Recovering from a work mistake

You’re standing side by side with your colleagues, an audience of your peers waiting in eager anticipation for you to fall on your proverbial. You’re handed a key piece of information. A quick look makes your stomach lurch. You know that it’s wrong. Not just wrong but WRONG. Catastrophically, dramatically, career-changingly wrong. You check with your colleague who mirrors back the champagne-fuelled bonhomie and confidence that you remember from yourself all of five second ago. She nods. You shrug and forge ahead. Fifteen minutes later everyone you know is making the watercooler blush with a post-mortem of your most recent failure.

Sound familiar? If it sounds like a terrible night at the Oscars then you’re in the lucky camp, waiting (however unwittingly) for the other shoe to drop. If you just felt an echo of that stomach-lurch and a severe flare-up of your Powerpointophobia, then you’re in the much larger group of us that saw the train lights in the tunnel and ploughed on regardless.

So what would you do in Warren Beatty’s situation? The head-down, carry on regardless approach is the prefect anti-example. Ignoring the facts, ignoring your instincts, turning a sparkling evening into a mess faster that a puddle does to candy floss. Option two would have been infinitely preferable. A cooler head would have quietly consulted a wiser, more sober head, changed the envelope, apologised and given Moonlight the adulation it had earned.

But there’s a third way. Owning that mistake, keeping the La-La-Land gushers away from the microphone and years of sleepless nights to come, making a small joke that acknowledges your humanity and the inherent silliness of the whole event would have been just as headline worthy but with clowns recast as heroes.

So what could Beatty and Dunaway have done to stare defeat in the face and make it a friend?

Stay off the champagne

Well, it’s unlikely to be champagne, but after months, years, decades sometimes, incubating your pet project, you’re probably going to be intoxicated one way or another, and your enthusiasm and energy could well trip you up. Enthusiasm is great but ensure you’re powered by preparation. Have a contingency plan. What are you going to do if it is the wrong envelope? Have you run through the things that could go wrong?

Trust your instincts

If something doesn’t sit right – check. A moment’s awkwardness is nothing new in a presentation or meeting. A complete collapse is rare, but much more memorable. And It’s amazing how much empathy you’ll get for sharing that “Phew, almost!” moment when you DIDN’T run headlong into the canyon.

Use the assets you have

As you stand alone, eulogising about your project, you’re only one cog in a huge and complex machine. Whether you have a huge Hollywood machine behind you or you’re a one-person show, you should be able to refer to a less invested, less excited voice, either internal, or one of the thousand accountants behind you.

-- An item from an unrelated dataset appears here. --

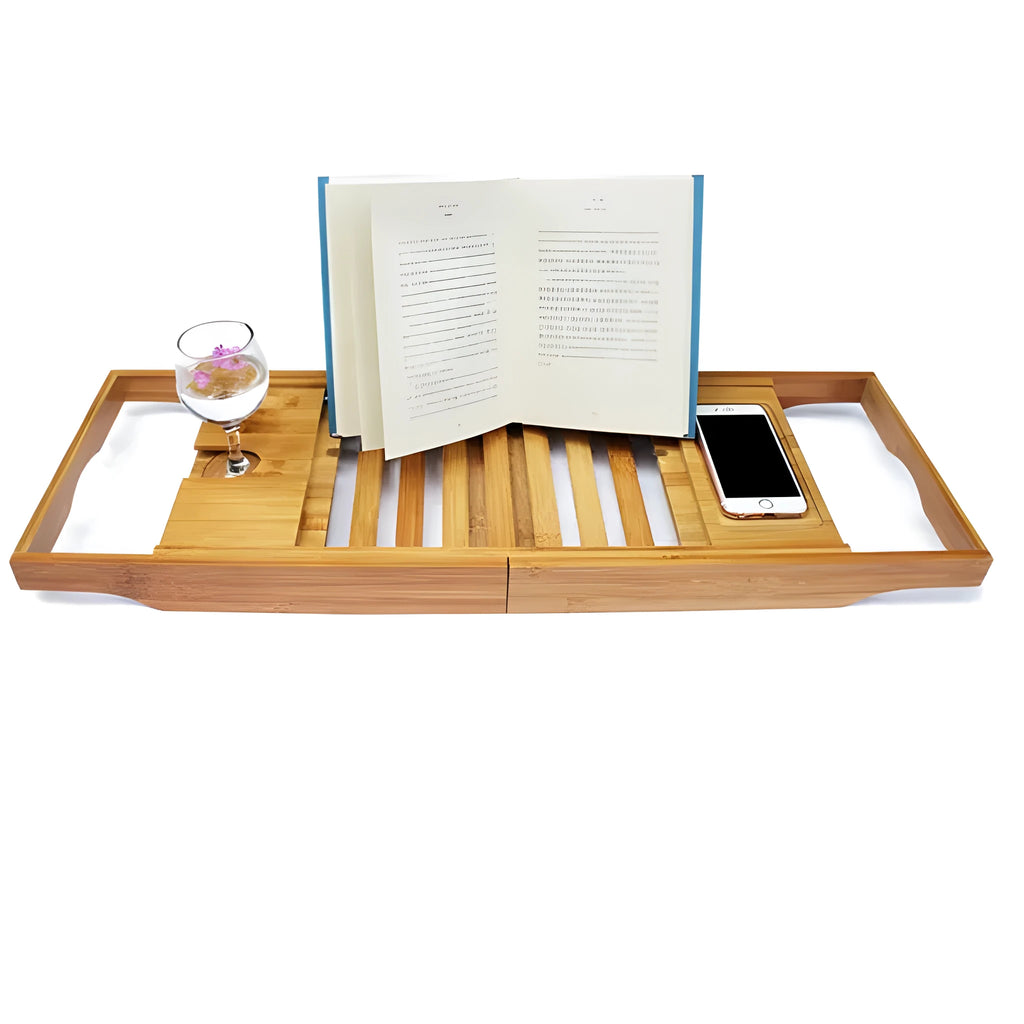 Natural bamboo bathtub caddy with single-tier desktop design for bathroom storage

This might practically entail asking trusted colleagues for a ‘once-over’ of the piece of work you’re due to present

Whether you’re in a job planning your foray into self-determined entrepreneurship or even those who have started working in network marketing part-time, it’s important to go through these mistakes, not to avoid them but to find a comfortable way of dealing with them when they arise.